Relationship of Ultrafiltration and Anastomotic Flow in Isolated Rat Lungs

Abstract

Objective: When arterial and venous pressures are increased to equal values in “stop-flow” studies, perfusate continues to enter the pulmonary vasculature from the arterial and venous reservoirs. Losses of fluid from the pulmonary vasculature are due to ultrafiltration and flow through disrupted anastomotic (bronchial) vessels. This study compared the relative sites of ultrafiltration and anastomotic flows at low and high intravascular pressures. Methods: Isolated rat lungs were perfused for 10 minutes with FITC-dextran, which was used to detect ultrafiltration.

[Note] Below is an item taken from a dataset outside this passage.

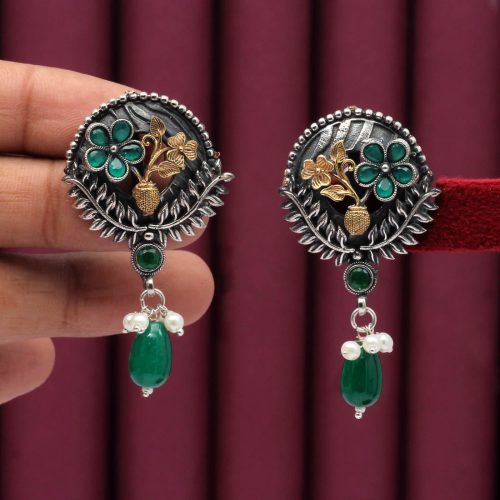 Green Color Premium Oxidised Earrings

Arterial and venous catheters were then connected to reservoirs containing radioactively labeled dextrans at 20 or 30 cm H2O for 10 minutes. The vasculature was subsequently flushed into serial vials, and ultrafiltration and vascular filling during the equal-pressure interval were calculated. Results: Ultrafiltration equaled 0.43 ± 0.11 mL at 20 cm H2O and was similar to the volume of fresh arterial and venous perfusate which entered and remained in the pulmonary vasculature during the equal-pressure interval (0.45 ± 0.10 mL). At 30 cm H2O, 0.80 ± 0.23 mL entered and remained in the vasculature during the equal-pressure interval, replacing the original perfusate, and calculated transudation (0.56 ± 0.09 mL) was not significantly more than at 20 cm H2O. Fluid also entered the airspaces at 30 cm H2O but not at 20 cm H2O. Conclusions: At 20 cm H2O, flow through anastomotic vessels occurs at sites that are at the arterial and venous ends of the microcirculation. Flow in exchange vessels remains minimal, permitting measurements of ultrafiltration and exchange. Losses of perfusate from the pulmonary vessels complicate measurements of ultrafiltration at 30 cm H2O.